Mitochondria Redistribution in Enterovirus A71 Infected Cells and Its Effect on Virus Replication

  • Yang Yang
  • Haolong Cong
  • Ning Du
  • Xiaodong Han
  • Lei Song
  • Wenliang Zhang
  • Chunrui Li
  • Po TienEmail author
Research Article
  • 257 Downloads

Abstract

Enterovirus A71 (EV-A71) is one of the main causative agents of hand, foot and mouth disease (HFMD) and it also causes severe neurologic complications in infected children. The interactions between some viruses and the host mitochondria are crucial for virus replication and pathogenicity. In this study, it was observed that EV-A71 infection resulted in a perinuclear redistribution of the mitochondria. The mitochondria rearrangement was found to require the microtubule network, the dynein complex and a low cytosolic calcium concentration. Subsequently, the EV-A71 non-structural protein 2BC was identified as the viral protein capable of inducing mitochondria clustering. The protein was found localized on mitochondria and interacted with the mitochondrial Rho GTPase 1 (RHOT1) that is a key protein required for attachment between the mitochondria and the motor proteins, which are responsible for the control of mitochondria movement. Additionally, suppressing mitochondria clustering by treating cells with nocodazole, EHNA, thapsigargin or A23187 consistently inhibited EV-A71 replication, indicating that mitochondria recruitment played a crucial role in the EV-A71 life cycle. This study identified a novel function of the EV-A71 2BC protein and provided a potential model for the regulation of mitochondrial motility in EV-A71 infection.

Keywords

Enterovirus A71 (EV-A71) Mitochondria Microtubule network Calcium concentration Mitochondrial Rho GTPase 1 (RHOT1) 

Notes

Acknowledgements

This work was supported by grants from the National Natural Science Foundation of China (NSFC) (Grants Nos. 81621091, 31370201). We are grateful to Prof. Paul Chu, Guest Professor of the Institute of Microbiology, Chinese Academy of Sciences (CAS), for his help during the preparation of the manuscript. We thank Xiaolan Zhang and Tong Zhao, Institute of Microbiology, CAS, for technical help with confocal microscopy and flow cytometry. We also thank Fulian Liao and Weihua Zhuang for their assistance with the experiments.

Author Contributions

YY, HC and PT designed the research. YY and HC performed the experiments. ND, XH, LS, WZ and CL provided experiment support. YY and HC wrote the manuscript. All authors have read and approved the final manuscript for submission.

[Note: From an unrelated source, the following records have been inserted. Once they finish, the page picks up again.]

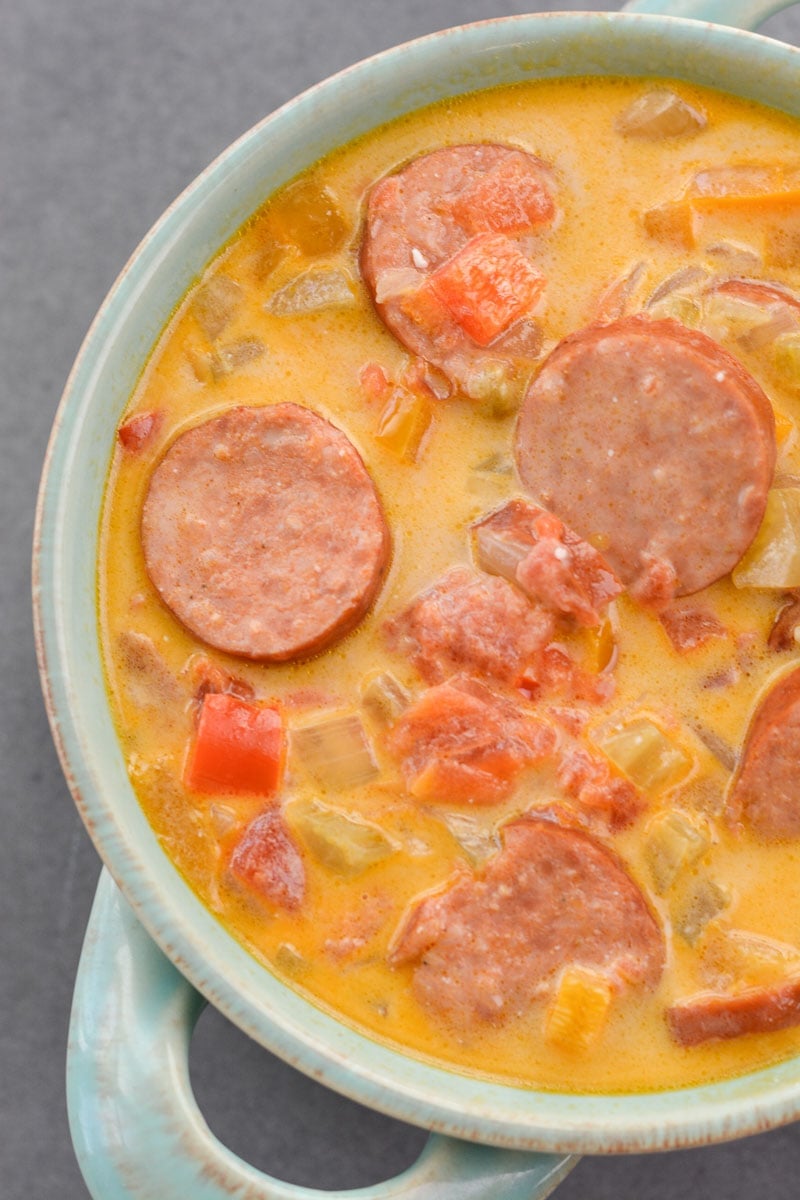 This Cheesy Smoked Sausage Soup is loaded with spicy sausage, tender vegetables in a creamy, cheesy sauce! At less than 7 net carbs per serving this is a great low carb, keto-friendly soup!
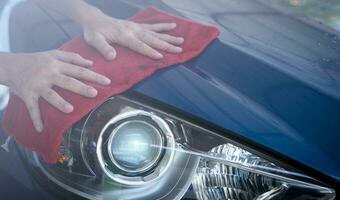 Car wash service. Man hand holding red microfiber cloth and polish headlight of blue car. Auto care service business concept. Man cleaning and detailing luxury car. Clean water drops from luxury car. photo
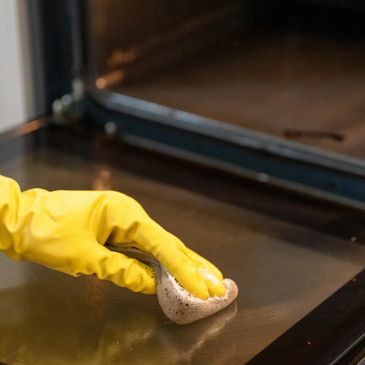 A gloved hand wiping an oven door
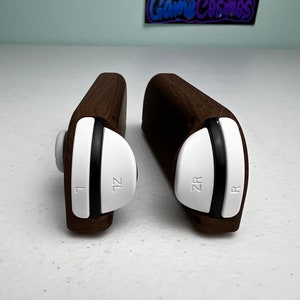 May include: Two wooden controller grips for the Nintendo Switch. The grips are brown and have white buttons labeled "ZL" and "ZR" on the left and right grips, respectively.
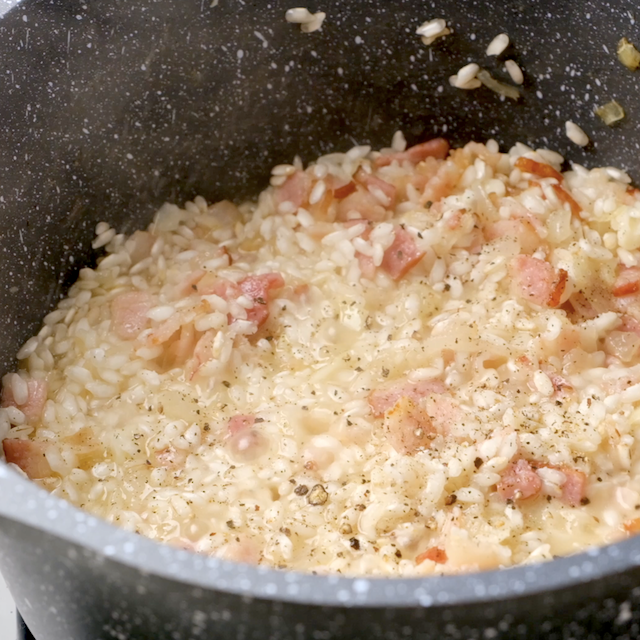 Tender and creamy risotto with bacon bits in a pot.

Compliance with Ethical Standards

Conflict of interest

The authors declare that they have no conflict of interest.

Animal and Human Rights Statement

This article does not contain any studies with human or animal subjects performed by any of the authors.

Supplementary material

12250_2019_120_MOESM1_ESM.pdf (320 kb)
Supplementary material 1 (PDF 321 kb)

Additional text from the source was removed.